This is my 36th day of participating in the First Challenge 2022
Multimodal translation is just like that. Is there any use for visual information? (I) – Nuggets (juejin.cn)
This article is the best of naACL-HLT 2019. The authors are from Le Mans University and Imperial College London. Probing the Need for Visual Context in Multimodal Machine Translation
Experiments
Let’s first clarify the four models used for comparison:
- NMT: Plain text Baseline
- INIT: Initializes the encoder and decoder with visual features
- DIRECT: multimodal attention
- HIER: Improved version of DIRECT (with an attention layer)
Normal
The author first directly tested the score of METEOR on Test2017 with four models (left in the following table), and MMT showed a slight improvement compared with NMT.
Color Deprivation
The author carried out color deprivation of the source sentence, that is, masking the words describing colors in the source sentence and then translating them with the model, expecting the model to provide correct results. The following is an example:
The results are shown in the last column (Dc) of the table above, indicating that MMT has significantly improved compared to the plain text baseline. Note that this is the result across the entire dataset, and the improvement is even more pronounced if we focus only on the subset of sentences containing color descriptions, where multimodal attention increases by about 12% and INIT increases by about 4%, indicating that complex models are more conducive to visual information extraction.
Entity Masking
The author also performs entity masking, that is, masking the entity in the source sentence, as shown in the following example:
The source sentence degrades more seriously this time, because the scale of masking is larger, and the MMT improves more obviously. DIRECT improves 4.2 points directly. Based on Elliott et al. ‘s ideas, the author compares intextually ent decoding, in which the author inputs visual features in the opposite sequence of samples to break the image-sentence alignment. The results show that the effect is seriously reduced. The experimental results are shown in the figure below. The authors found similar results in other languages.

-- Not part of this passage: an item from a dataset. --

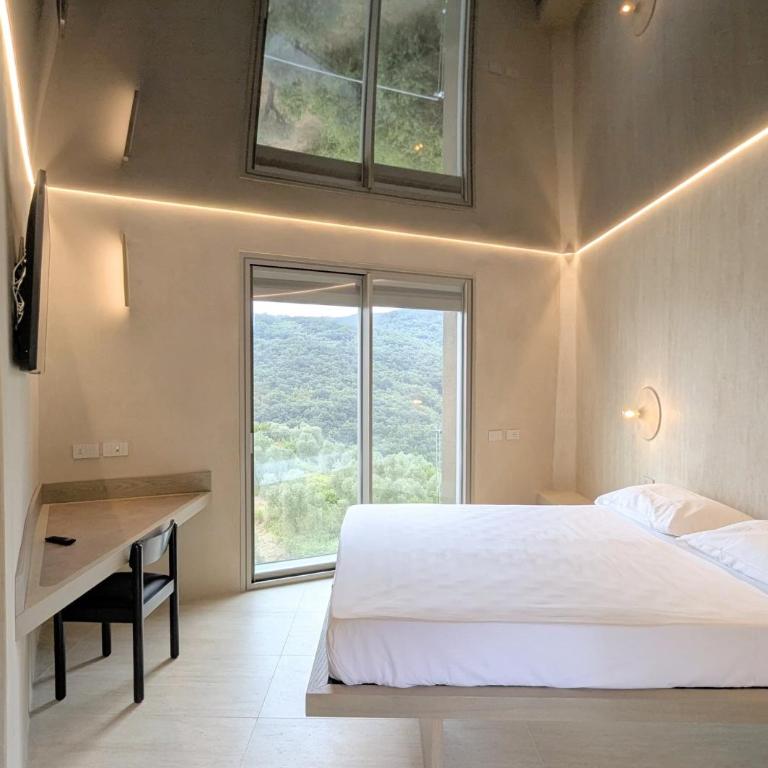 Le Stele Hotel - Camera Matrimoniale con Balcone - 2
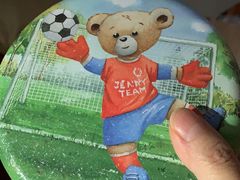 -香港珍妮曲奇聪明小熊饼干(迪美购物中心店)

This shows that the image information is more important. The author visualizes the weight of attention. In the following example, MMT successfully notices the correct position of the image and correctly translates the wrong word song into son.
Progressive Masking
Finally, the author conducts a gradual masking experiment, which degrades a sentence gradually. As the number of words remaining in the source sentence gradually decreases to 0, the advantage of the three-MMT model becomes bigger and bigger. When the source sentence is completely degraded, it is about 7 points higher than NMT.
The author also tested the model’s image sensitivity under different degradation degrees of source sentences. With the increase of source sentence information, the model’s performance difference becomes smaller and the importance of images becomes lower and lower.
Finally, the author makes a comparative experiment of “constraining”, applying DIRECT models to make intextually decoding and training from the beginning. The results show that the model learned to ignore visual information and achieved an effect comparable to that of the NMT model.
Summary
The author studies MMT’s use of visual information by degrading source sentences and using inconsistent image features, and proves the usefulness of visual information in MMT, such as using visual information to reduce noise and correct source sentences in translation.